EXERCISE DATA >>

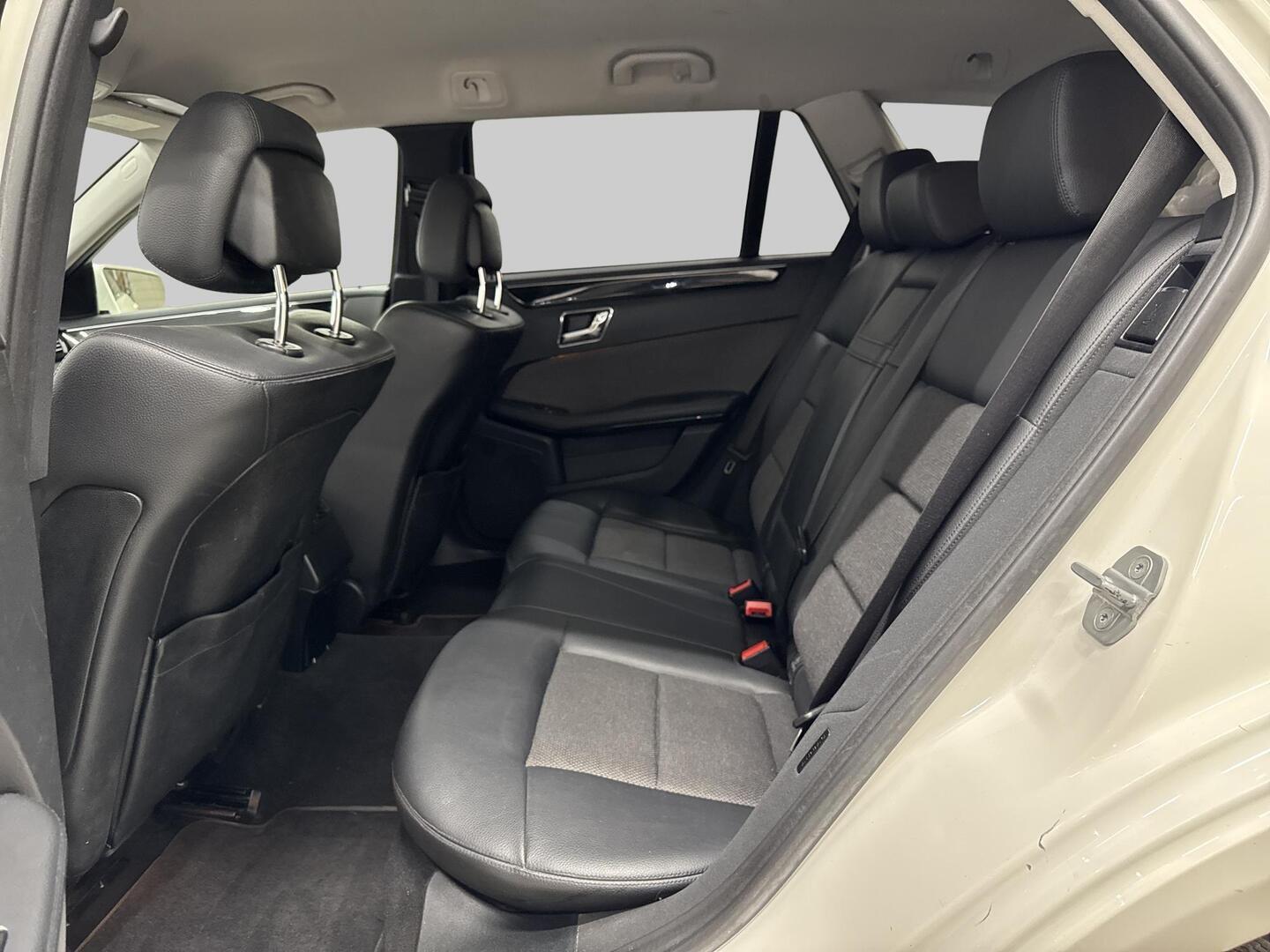 MERCEDES-BENZ E 2010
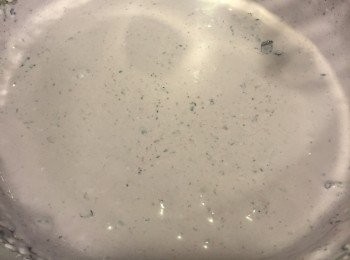 step3: 把鮮奶油打至6分發即可
注意不要打過頭，以免會讓冰淇淋吃起來質地有些粗糙
稍微有點紋路與光滑濃稠感即可
 
水果用調理機或湯匙壓成泥狀
我是用冷凍藍莓，等退冰後壓碎
將鮮奶油與果泥一併加入起司優格糊中
 
加入後再用電動打蛋器調至最高速打3分鐘左右
讓果泥、鮮奶油和起司混合均勻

YOUR TASK >>
Pictures are not part of the copy; reproduce exactly and only the lines from the line containing "step3: 把鮮奶油打至6分發即可" through the end of the listing.

REPLY >>
 step3: 把鮮奶油打至6分發即可
注意不要打過頭，以免會讓冰淇淋吃起來質地有些粗糙
稍微有點紋路與光滑濃稠感即可
 
水果用調理機或湯匙壓成泥狀
我是用冷凍藍莓，等退冰後壓碎
將鮮奶油與果泥一併加入起司優格糊中
 
加入後再用電動打蛋器調至最高速打3分鐘左右
讓果泥、鮮奶油和起司混合均勻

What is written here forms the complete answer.